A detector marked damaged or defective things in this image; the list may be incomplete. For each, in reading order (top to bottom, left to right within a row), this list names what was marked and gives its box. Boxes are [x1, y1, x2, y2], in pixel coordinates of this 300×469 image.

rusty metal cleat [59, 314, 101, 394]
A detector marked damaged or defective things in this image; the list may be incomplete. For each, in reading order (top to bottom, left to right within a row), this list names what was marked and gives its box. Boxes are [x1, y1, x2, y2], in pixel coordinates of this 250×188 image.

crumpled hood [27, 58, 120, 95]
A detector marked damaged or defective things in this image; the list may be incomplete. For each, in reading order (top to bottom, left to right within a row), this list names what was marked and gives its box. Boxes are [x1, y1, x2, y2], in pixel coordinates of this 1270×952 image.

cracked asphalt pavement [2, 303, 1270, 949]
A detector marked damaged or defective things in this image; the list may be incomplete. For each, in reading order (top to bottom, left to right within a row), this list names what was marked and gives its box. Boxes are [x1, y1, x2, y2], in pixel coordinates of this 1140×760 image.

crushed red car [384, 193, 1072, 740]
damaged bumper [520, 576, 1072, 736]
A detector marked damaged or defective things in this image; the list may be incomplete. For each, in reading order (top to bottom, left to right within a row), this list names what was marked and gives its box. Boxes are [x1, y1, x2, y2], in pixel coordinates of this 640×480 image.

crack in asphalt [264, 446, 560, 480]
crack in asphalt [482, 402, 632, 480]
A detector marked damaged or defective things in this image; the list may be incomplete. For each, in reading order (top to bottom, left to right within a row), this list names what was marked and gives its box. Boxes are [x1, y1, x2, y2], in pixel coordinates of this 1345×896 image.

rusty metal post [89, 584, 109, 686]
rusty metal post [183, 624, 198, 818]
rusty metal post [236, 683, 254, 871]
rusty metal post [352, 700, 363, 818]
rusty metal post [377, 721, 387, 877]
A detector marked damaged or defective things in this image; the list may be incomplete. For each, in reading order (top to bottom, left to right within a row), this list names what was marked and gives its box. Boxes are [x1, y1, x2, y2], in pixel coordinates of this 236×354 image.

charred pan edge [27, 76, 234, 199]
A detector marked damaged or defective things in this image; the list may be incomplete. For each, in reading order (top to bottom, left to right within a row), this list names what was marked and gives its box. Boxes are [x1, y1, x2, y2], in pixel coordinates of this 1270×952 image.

● **What you should do**
Write every line of the material above again, exactly.

● **Task solution**
A detector marked damaged or defective things in this image; the list may be incomplete. For each, in reading order (top to bottom, left to right within a row), this list names what was marked and gives its box. Boxes are [x1, y1, x2, y2], in pixel coordinates of this 300×469 image.

rusty metal cleat [59, 314, 101, 394]
A detector marked damaged or defective things in this image; the list may be incomplete. For each, in reading order (top to bottom, left to right within a row), this list names what was marked and gives its box. Boxes are [x1, y1, x2, y2], in pixel coordinates of this 250×188 image.

crumpled hood [27, 58, 120, 95]
A detector marked damaged or defective things in this image; the list may be incomplete. For each, in reading order (top to bottom, left to right within a row), this list names what was marked and gives its box. Boxes are [x1, y1, x2, y2], in pixel coordinates of this 1270×952 image.

cracked asphalt pavement [2, 303, 1270, 949]
A detector marked damaged or defective things in this image; the list may be incomplete. For each, in reading order (top to bottom, left to right within a row), this list names what was marked and gives its box. Boxes are [x1, y1, x2, y2], in pixel coordinates of this 1140×760 image.

crushed red car [384, 193, 1072, 740]
damaged bumper [520, 576, 1072, 736]
A detector marked damaged or defective things in this image; the list may be incomplete. For each, in reading order (top to bottom, left to right within a row), this list names what was marked and gives its box. Boxes are [x1, y1, x2, y2], in pixel coordinates of this 640×480 image.

crack in asphalt [264, 446, 560, 480]
crack in asphalt [482, 402, 632, 480]
A detector marked damaged or defective things in this image; the list may be incomplete. For each, in reading order (top to bottom, left to right within a row), this list names what was marked and gives its box. Boxes are [x1, y1, x2, y2], in pixel coordinates of this 1345×896 image.

rusty metal post [89, 584, 109, 686]
rusty metal post [183, 624, 198, 818]
rusty metal post [236, 683, 254, 871]
rusty metal post [352, 700, 363, 818]
rusty metal post [377, 721, 387, 877]
A detector marked damaged or defective things in this image; the list may be incomplete. For each, in reading order (top to bottom, left to right within a row), this list names what was marked and gives its box. Boxes are [x1, y1, x2, y2], in pixel coordinates of this 236×354 image.

charred pan edge [27, 76, 234, 199]
A detector marked damaged or defective things in this image; the list may be incomplete. For each, in reading order (top to bottom, left to right within a row), this list names what was marked and gives its box. Boxes are [x1, y1, x2, y2], in pixel coordinates of this 1270×952 image.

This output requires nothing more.